Is life on this planet getting better? When it comes to the progress of nations, how do you measure what matters most? There’s wealth, there’s health, there’s basic human freedoms. These criteria, and others, make regular appearances in a variety of international rankings, from the Better Life Index to the Sustainable Economic Development Assessment and the World Happiness Report.
But a new study takes a different approach.
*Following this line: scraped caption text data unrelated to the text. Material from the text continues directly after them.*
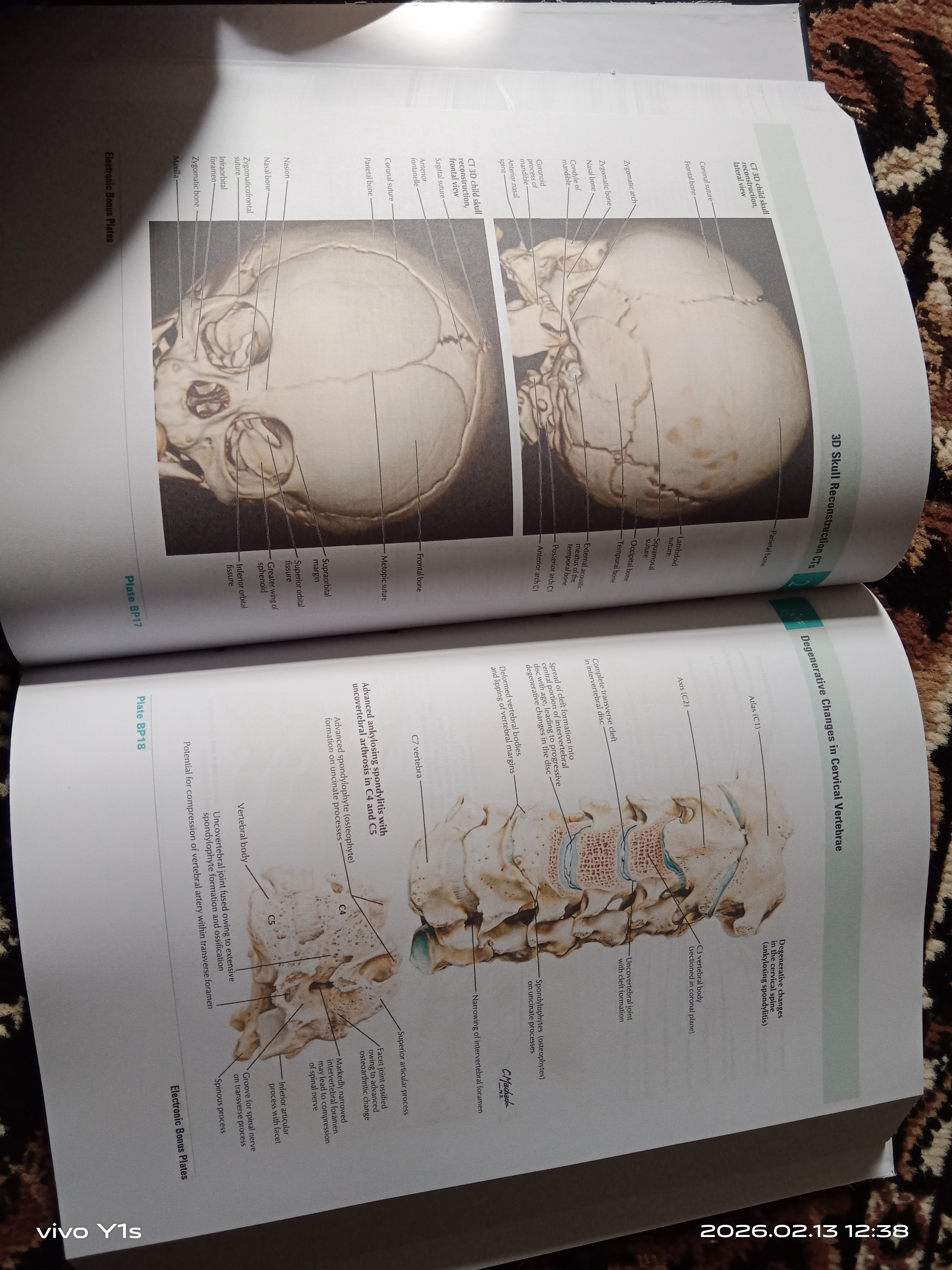 Tibbiyot kitobi, odam anatomiyasi atlasi, ATLAS OF HUMAN ANATOMY, Frank Netter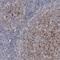 VANGL Planar Cell Polarity Protein 2 antibody, NBP1-81428, Novus Biologicals, Immunohistochemistry paraffin image 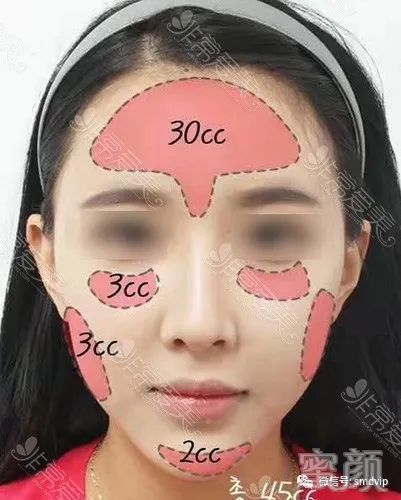 https://img.yiyiaimei.com/mnt/timg/200305/15050U013-2.jpg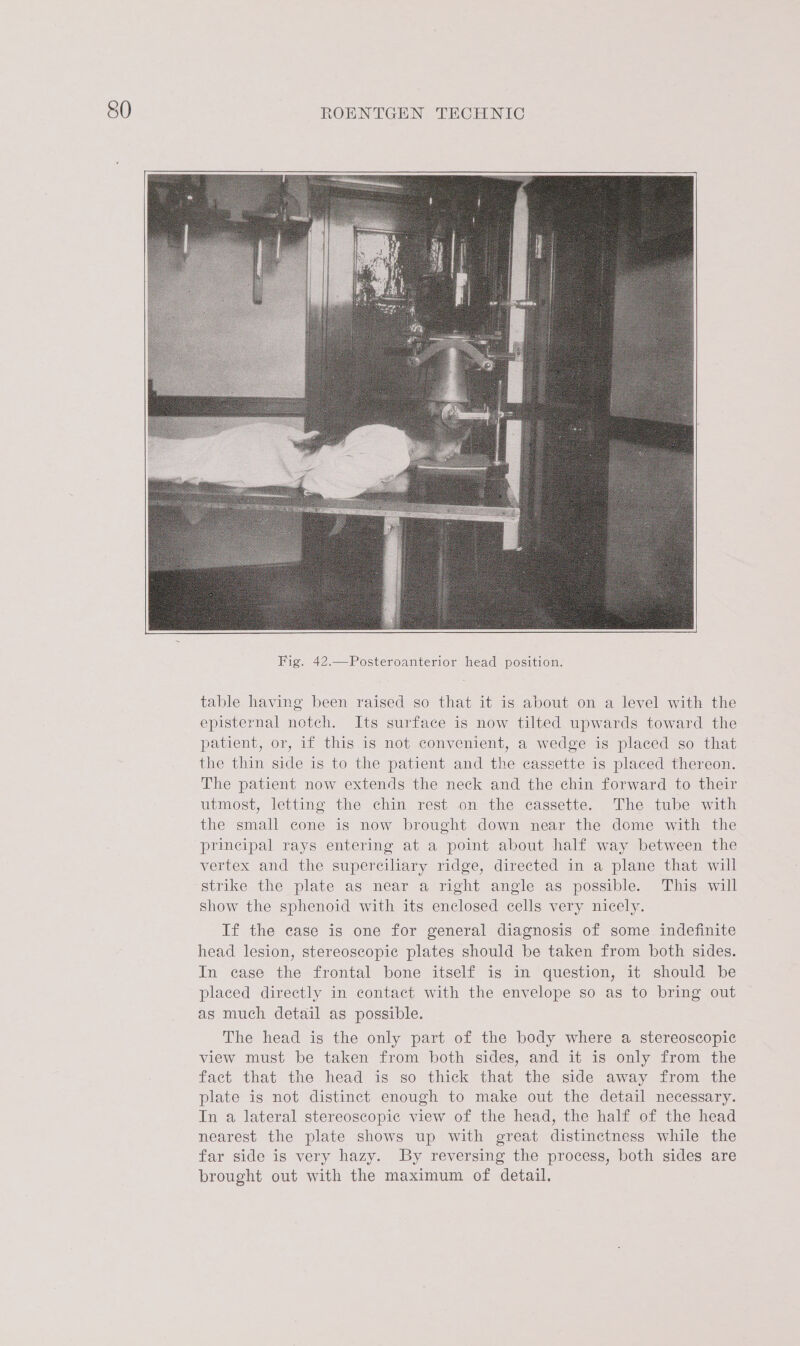 table having been raised so that it is about on a level with the episternal notch. Its surface is now tilted upwards toward the patient, or, if this is not convenient, a wedge is placed so that the thin side is to the patient and the cassette is placed thereon. The patient now extends the neck and the chin forward to their utmost, letting the chin rest on the cassette. The tube with the small cone is now brought down near the dome with the principal rays entering at a point about half way between the vertex and the superciliary ridge, directed in a plane that will strike the plate as near a right angle as possible. This will show the sphenoid with its enclosed cells very nicely. If the case is one for general diagnosis of some indefinite head lesion, stereoscopic plates should be taken from both sides. In case the frontal bone itself is in question, it should be placed directly in contact with the envelope so as to bring out as much detail as possible. The head is the only part of the body where a stereoscopic view must be taken from both sides, and it is only from the fact that the head is so thick that the side away from the plate is not distinct enough to make out the detail necessary. In a lateral stereoscopic view of the head, the half of the head nearest the plate shows up with great distinctness while the far side is very hazy. By reversing the process, both sides are brought out with the maximum of detail.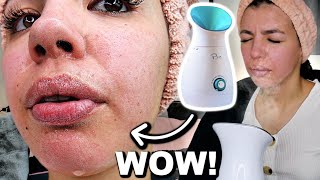 I Tested The Best FACIAL STEAMER On Amazon!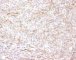 ALK immunolabelling in myofibroblastic inflammatory tumor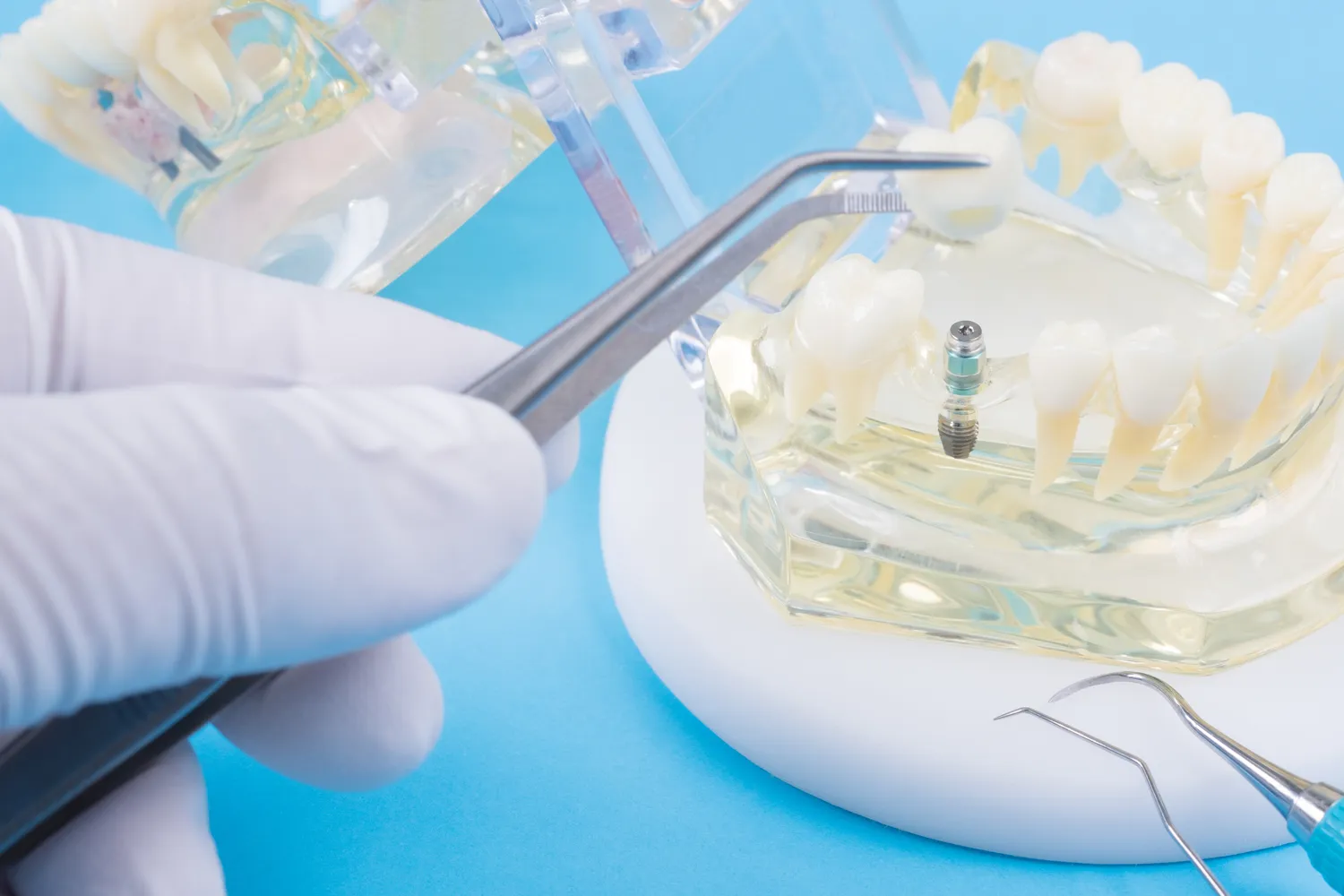 kiedy leczenie kanałowe objawy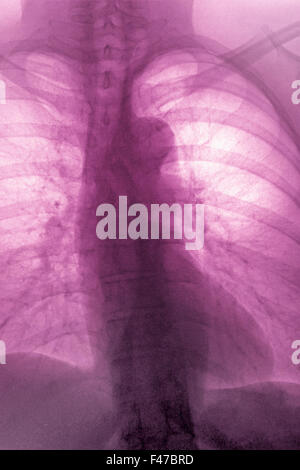 ATHEROMATOUS AORTA, X-RAY Stockfoto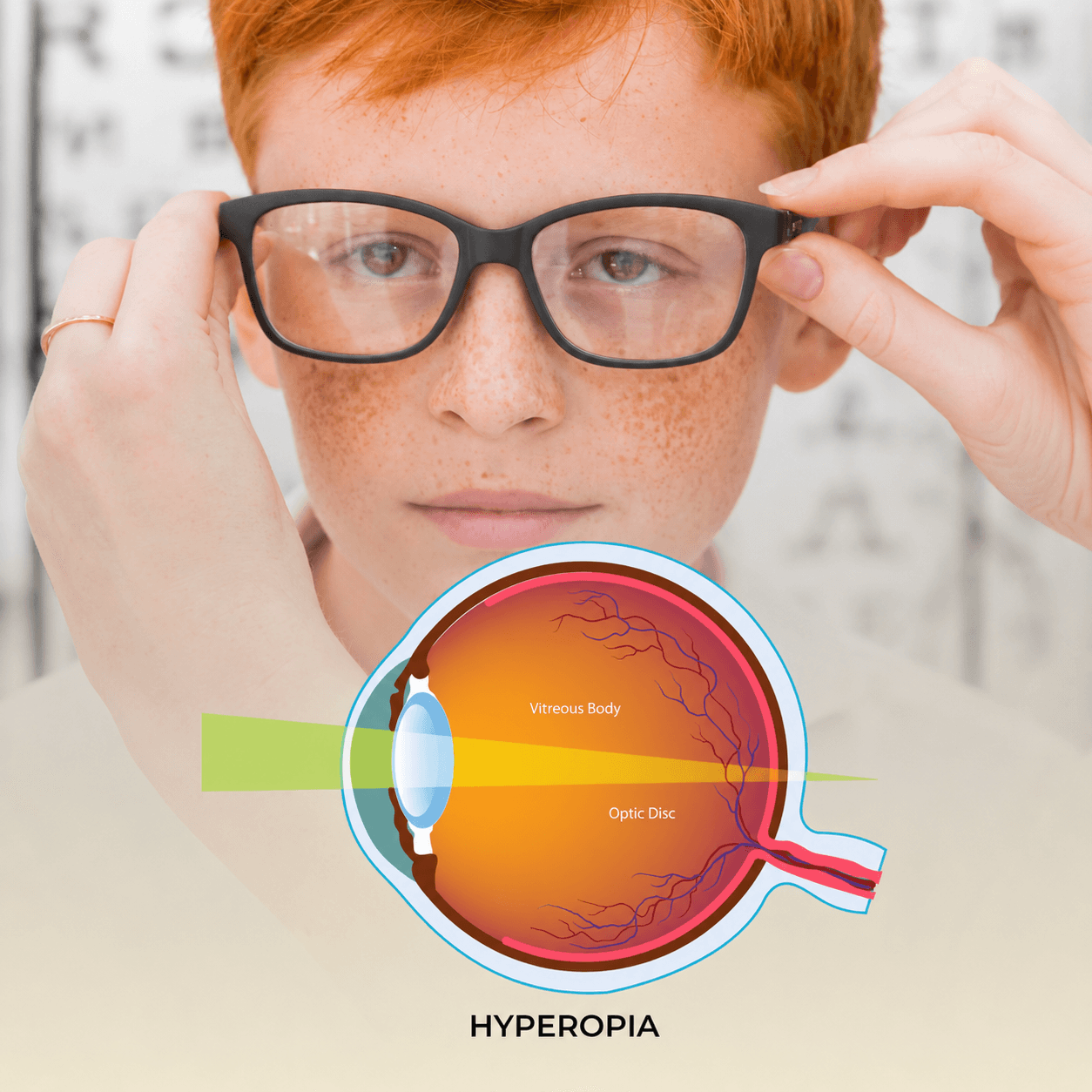 Illustration of hyperopia (long-sightedness) showing light focusing behind the retina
The Happy Planet Index, which has just published its 2016 edition, measures health and happiness not in isolation but against a crucial new gold standard for success: sustainability.
The formula goes something like this: take the well-being and longevity of a population, measure how equally both are distributed, then set the result against each country’s ecological footprint.
In this calculation, the most successful countries are those where people live long and happy lives at little cost to the environment.
So which countries are they?
They’re not the wealthy Western countries you’d expect to see, or even the progressive Nordic ones that normally bag the lifestyle laurels. Instead, a list of the top 10 (the index ranks 140 countries overall) shows that when it comes to people’s ability to live good lives within sustainable limits, Latin American and Asia Pacific countries are ahead of the crowd.
Green and pleasant land
There’s one country that stands out: Costa Rica, which tops the ranking for the third time. It is the happiest and most sustainable country on Earth, according to the Happy Planet Index.
So, what is it doing right?
A recent Gallup poll found the Central American nation to have the highest level of well-being in the world. It also has some of the longest-lived people: life expectancy there is 78.5 years – older than in the US. But what places the country time and again at the top of the index is that it delivers all this health and happiness while using a mere quarter of the resources that are typically used in the Western world.
How does it do that? Chiefly through a strong commitment to the environment: 99% of the country’s electricity supply is said to come from renewable sources, and the government has pledged to make the country carbon neutral by 2021. Other factors include robust investing in social programmes such as health and education, with public money that has been all the more plentiful since the abolition of the national army in 1949.
Wealthier Western countries tend to score highly when it comes to life expectancy and well-being, but the high environmental cost of their way of life sees their ratings plummet. The US, for instance, has one of the largest ecological footprints in the world. Of the Scandinavian nations, meanwhile, only Norway appears in the index’s top 20.